Total Synthesis of Ritterazine B (S. Reisman, 2021)
Ritterazine B (1, Figure 1) is an alkaloid bearing a pyrazine core with two pseudodimeric sites. The alkaloid was already isolated in 1995 and promising bioactivity was reported. However, due to the overall complexity no total synthesis was reported for more than 25 years. Recently, the research group of Prof. Sarah E. Reisman (California Institute of Technology, USA) was able to describe the first total synthesis in the journal JACS. The retrosynthetic analysis starting from a late-stage coupling of two similar fragments 2 and 3. Both fragments should be available using similar approaches like a spiroketalization as one of the key steps. Both precursors 4 and 5 itself should be available from the same commercially available starting material 6.
Figure 1. Retrosynthetic analysis for the total synthesis of ritterazine B (1) by the Reisman group.
Synthesis of the common precursor
Both fragments 2 and 3 should be available from a common precursor 9. The Reisman group decided to synthesize 9 in six steps from commercially available ketone 6 as shown in Scheme 1. After β hydroxylation to 7, both alcohols were protected as TBS ether directly followed by α bromination using NBS. The following debromination and TMS enol ether formation was followed by oxidation to gave α hydroxy ketone 9 in overall good to very high yield.
Scheme 1. Synthesis of common precursor 9.
Synthesis of western fragment 2
As shown in Scheme 2 the western fragment 2 was synthesized starting from allyl chloride 10. After nucleophilic substitution with PMPOH, dihydroxylation gave 11 in both excellent yield. The Reisman group then transformed the primary alcohol into a leaving group using TsCl and coupled it with 12 by organometallic substitution to 13. Then Appel reaction was followed by protection of the tertiary alcohol. With 14 in hand, coupling with 9 was followed by [Cu] catalyzed Stahl oxidation and PMP deprotection to the desired coupling product 15. For the synthesis of cyclization precursor 4 the ketone had to be reduced. Then [Au] catalyzed cyclization gave 16 as a single isomer. Note, that the methyl group (marked green in 15) epimerized to deliver the desired diastereomer. Then, allylic oxidation and regioselective reduction yielded in 17. The resulting alcohol was protected as TIPS ether and TBS deprotection and oxidation gave 18 which was finally transformed into 2 by a literature-known two-step procedure.

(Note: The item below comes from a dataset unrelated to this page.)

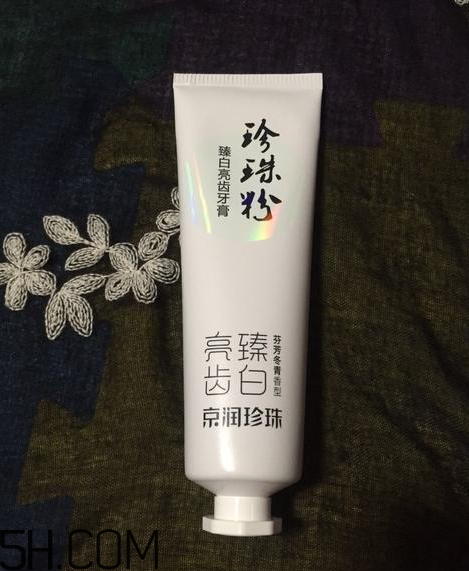 京潤(rùn)珍珠牙膏怎么樣？京潤(rùn)珍珠牙膏測(cè)評(píng)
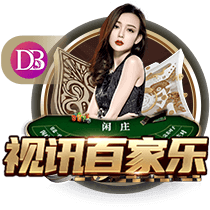 世俱杯决赛：巴黎圣日耳曼迎来改写历史的关键之战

Scheme 2. Synthesis of western fragment 2.
Synthesis of eastern fragment 3
Using a similar approach, eastern fragment 3 was synthesized as shown in Scheme 3. Therefore, the Reisman group this time coupled 12 directly with commercially available 19 which gave bromide 20 after Appel reaction and alcohol protection. Then coupling with 9 and TMS deprotection yielded in 21 again as a 1:1 diastereomeric mixture of the methyl group. In a three-step protocol, α hydroxylation and inversion of the alcohol yielded in cyclization precursor 5 which again was subjected to similar conditions for the formation of spiroketal 22 also again as single isomer. This time, both alkenes were reduced and oxidation of the alcohol resulted in ketone 23. As a precursor for the pyrazine a four-step procedure was needed to liberate eastern fragment 3.
Scheme 3. Synthesis of eastern fragment 3.
Completion of the total synthesis
With both main fragments in hand, a two-step protocol delivered ritterazine B (1) from fragment 2 and 3 as shown in Scheme 4. In detail the coupling with 57% yield to form the pyrazine ring was followed by deprotection of all four silyl ether liberating the desired alkaloid 1.
Scheme 4. Completion of the total synthesis of ritterazine B (1).
In conclusion the Reisman group was able to report the first total synthesis of ritterazine B (1) in 19 steps for the longest linear sequence (36 steps in total). Using a unified approach for the western and eastern part the Reisman group could minimize the complexity of the total synthesis. The key-steps of this synthesis were the [Au] catalyzed spiroketalization and the late stage dimerization.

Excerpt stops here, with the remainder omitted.